We want to know we're making a difference. We want a response!
As humans, our desire to impact others positively can quickly morph into an unhealthy belief in the law of reciprocity- a psychological principal that states that whenever you give, the recipient is compelled to somehow return the favor. It begins young, when most acts of care are transactional. We do things for others, knowing that they are going to be really grateful to us or reciprocate in some way, and that makes it worthwhile.
It may be as simple as a thank you, but we subtly learn to expect a response to kindness. We can even grow indignant if we don't receive it. It happens in our lives more than we may think.
Jesus wants to take us beyond this transaction as he shapes us into his character. Just like when we learn that Jesus is present with us even when we don't sense his presence, discipleship also teaches us that our outward care and actions are worth doing regardless of if we get a response or validation of the impact.
Consider this example. Some of us may choose to give to humanitarian aid efforts in the Ukraine. Once we fill out an online form and send $100 away, it's unlikely that we'll get a call from someone saying, "thank you so much for providing food for my family after fleeing the bombing in our hometown." We may get a form email marking our contribution, but we simply have to trust that our gift matters, and that we are expressing God's heart by doing the compassionate thing. The point is not for us to feel good about helping. The point is to be a helper. Like my friend, but on the opposite side of the experience, it is a gift when we learn to care for those around us, needing no affirmation whatsoever. This is our way of life now.
So let us serve our neighbors in complete freedom because God loves us, expecting nothing in return. Let us send texts and emails of encouragement with no expectations, written with nothing but the pure and selfless love of Jesus.

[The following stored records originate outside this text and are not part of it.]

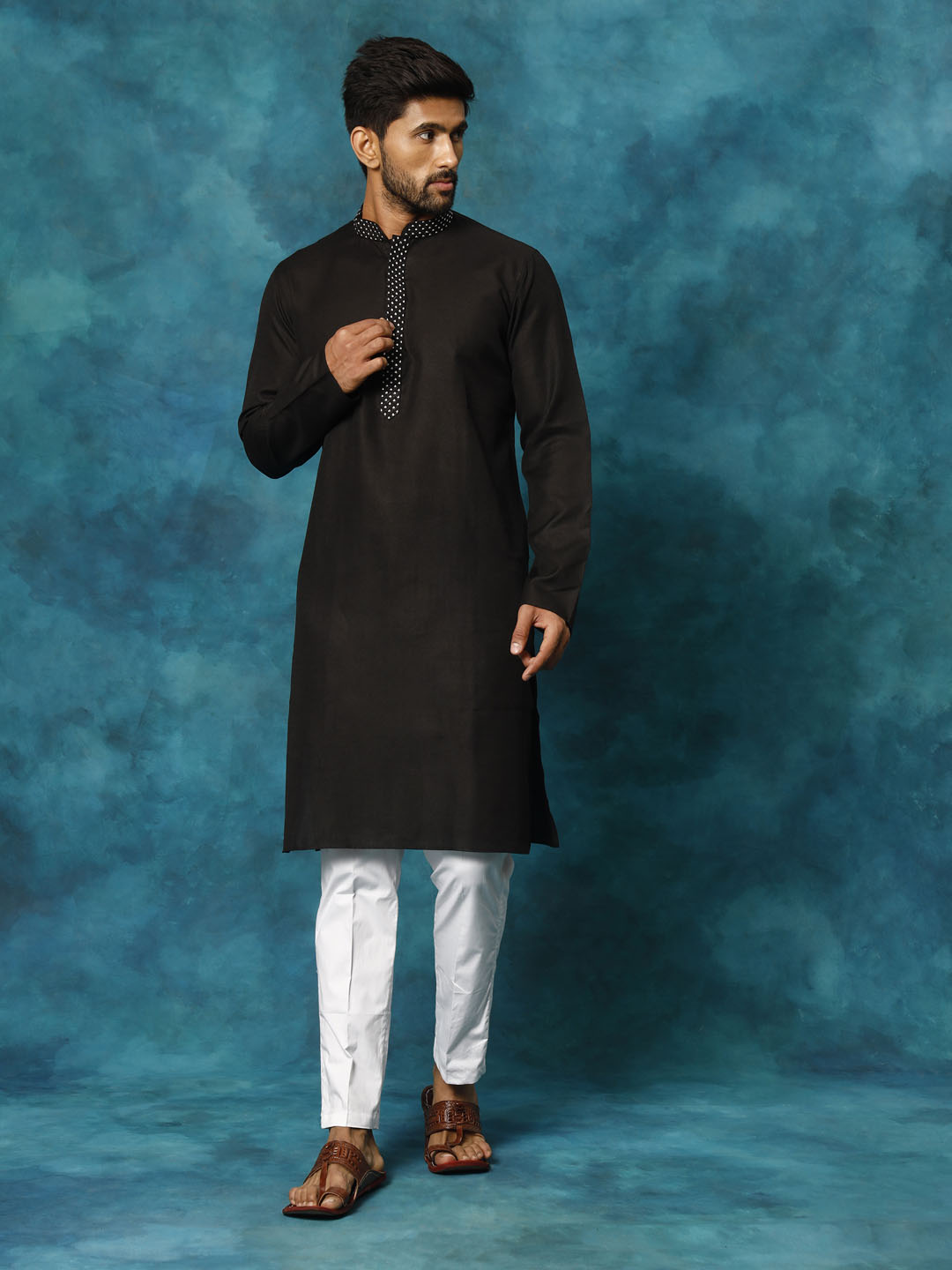 VASTRAMAY Men's Black And White Cotton Blend Kurta Pyjama Set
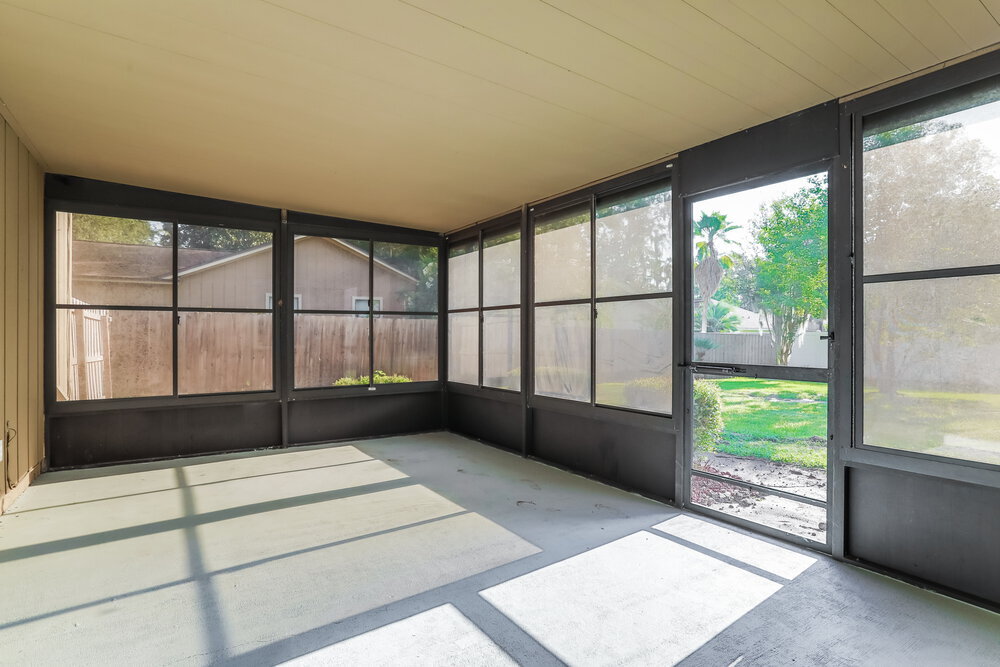 Building Photo - 6145 Island Forest Dr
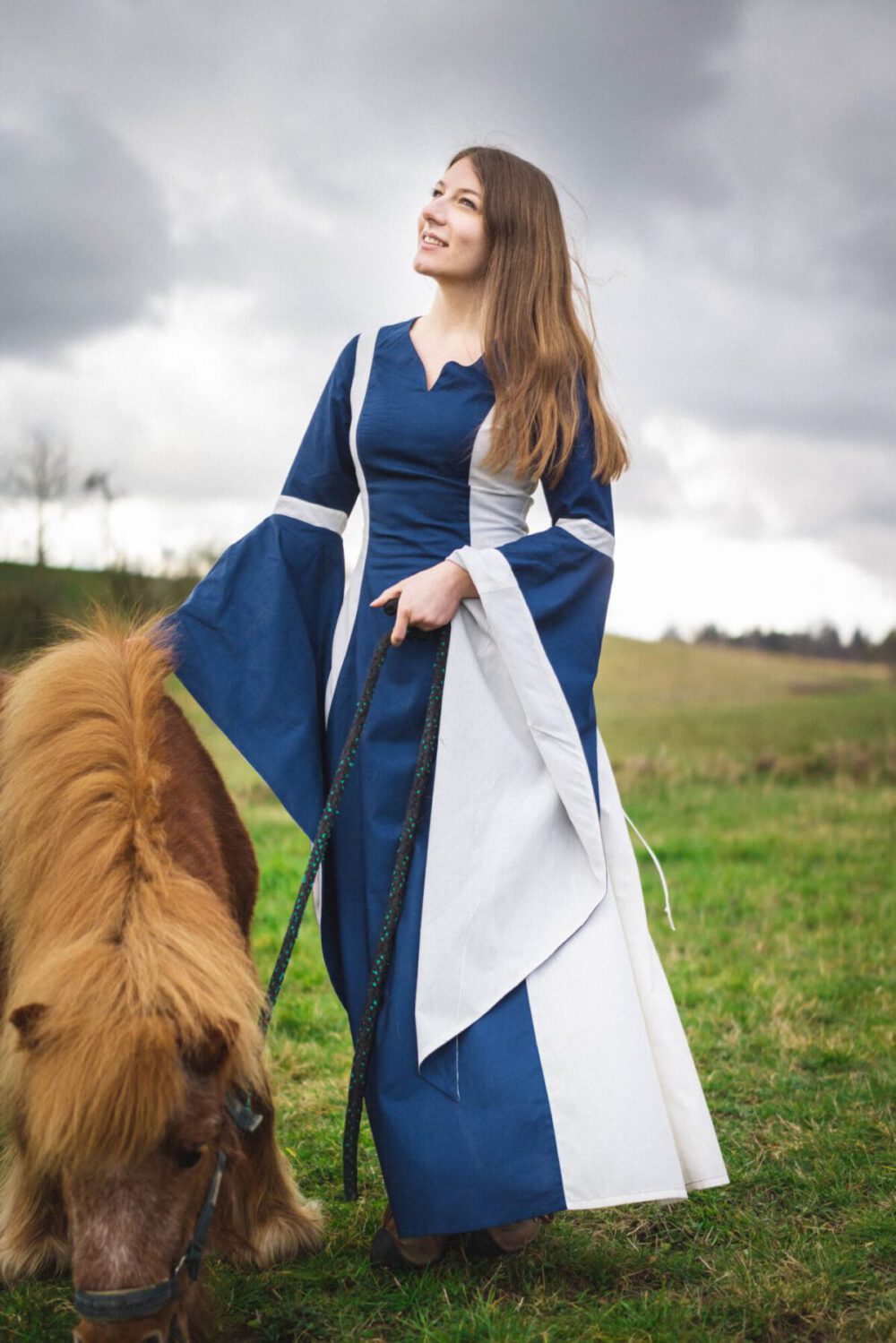 Ärmelloses Leinenkleid Modell Helena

Let us serve our spouses, pick up after our kids, give away our money, help our coworkers, and be generous in all areas of material and immaterial-- because we are Jesus people, not because we need to know we are making a difference. It will set us free! (And Jesus says we'll get rewarded for it one day anyways, so if you're all about that payout life, there you go).
Of course, the truth is that yes, we are making a difference. Every act of love carries significance. And many times, we will experience the joy of knowing and feeling that in this life. But there is a far deeper joy when our hearts are at peace, knowing that we are so loved by God that each moment we live is an overflow of it toward others... with no response needed.
Jesus, set me free today as I love for your sake and nothing else, for you have have given me immeasurable worth.